Joseph O’Connor, 22, is charged by criminal complaint filed in the U.S. District Court for the Northern District of California.
According to court documents, in addition to the July 15, 2020, hack of Twitter, O’Connor is charged with computer intrusions related to takeovers of TikTok and Snapchat user accounts. O’Connor was also charged with cyberstalking a juvenile victim.
O’Connor is charged with three counts of conspiracy to intentionally access a computer without authorization and obtaining information from a protected computer; two counts of intentionally accessing a computer without authorization and obtaining information from a protected computer; one count of conspiracy to intentionally access a computer without authorization and, with the intent to extort from a person a thing of value, transmitting a communication containing a threat; one count of making extortive communications; one count of making threatening communications; and two counts of cyberstalking.

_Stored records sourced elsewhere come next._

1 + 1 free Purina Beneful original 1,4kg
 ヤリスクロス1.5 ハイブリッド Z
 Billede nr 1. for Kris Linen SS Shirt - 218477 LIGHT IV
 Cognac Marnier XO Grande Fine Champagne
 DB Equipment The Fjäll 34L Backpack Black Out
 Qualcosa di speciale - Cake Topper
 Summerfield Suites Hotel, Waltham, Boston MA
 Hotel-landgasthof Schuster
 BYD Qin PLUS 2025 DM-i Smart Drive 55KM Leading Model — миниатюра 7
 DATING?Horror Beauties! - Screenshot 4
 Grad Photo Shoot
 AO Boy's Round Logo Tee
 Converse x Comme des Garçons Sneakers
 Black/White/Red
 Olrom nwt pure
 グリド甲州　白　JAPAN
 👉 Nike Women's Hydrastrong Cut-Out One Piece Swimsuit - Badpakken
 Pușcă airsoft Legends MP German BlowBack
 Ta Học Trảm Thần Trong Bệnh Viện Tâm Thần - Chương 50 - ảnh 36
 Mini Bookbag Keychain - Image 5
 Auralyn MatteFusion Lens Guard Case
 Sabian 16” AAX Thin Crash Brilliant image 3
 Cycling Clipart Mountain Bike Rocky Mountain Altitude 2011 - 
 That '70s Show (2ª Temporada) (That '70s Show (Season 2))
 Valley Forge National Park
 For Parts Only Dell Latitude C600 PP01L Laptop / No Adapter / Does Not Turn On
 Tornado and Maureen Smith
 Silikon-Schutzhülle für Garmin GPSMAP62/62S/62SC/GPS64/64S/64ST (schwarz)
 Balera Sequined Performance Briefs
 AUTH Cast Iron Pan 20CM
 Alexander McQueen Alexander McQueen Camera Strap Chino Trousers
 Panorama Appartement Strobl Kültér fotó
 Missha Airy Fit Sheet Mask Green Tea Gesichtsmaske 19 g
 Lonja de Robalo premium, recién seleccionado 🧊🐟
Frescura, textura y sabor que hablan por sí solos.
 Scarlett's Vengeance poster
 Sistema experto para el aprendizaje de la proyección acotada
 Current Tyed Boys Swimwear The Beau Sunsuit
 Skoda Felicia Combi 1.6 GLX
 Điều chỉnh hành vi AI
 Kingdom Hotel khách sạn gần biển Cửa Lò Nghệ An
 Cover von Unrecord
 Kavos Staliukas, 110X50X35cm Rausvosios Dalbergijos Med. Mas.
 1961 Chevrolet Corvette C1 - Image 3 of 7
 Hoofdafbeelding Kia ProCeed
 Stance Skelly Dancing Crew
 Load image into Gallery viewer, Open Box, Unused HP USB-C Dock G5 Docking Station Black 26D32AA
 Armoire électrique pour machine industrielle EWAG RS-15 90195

If convicted, a federal district court judge will determine any sentence after considering the U.S. Sentencing Guidelines and other statutory factors.
Acting U.S. Attorney Stephanie Hinds for the Northern District of California, Acting Assistant Attorney General Nicholas L. McQuaid of the Justice Department’s Criminal Division, and Special Agent in Charge Craig D. Fair of the FBI San Francisco Field Office made the announcement.
The FBI San Francisco Division is investigating the case, with assistance from the IRS-Criminal Investigation Cyber Unit; the U.S. Secret Service, San Francisco and Headquarters; and the Santa Clara County Sheriff’s Office and their REACT task force.
Assistant U.S. Attorneys William Frentzen and Andrew Dawson of the U.S. Attorney’s Office for the Northern District of California and Assistant Deputy Chief Adrienne Rose of the Criminal Division’s Computer Crime and Intellectual Property Section are prosecuting the case.
The Justice Department’s Office of International Affairs is providing significant assistance. The U.K.’s National Crime Agency and the Spanish National Police provided assistance in the investigation and arrest.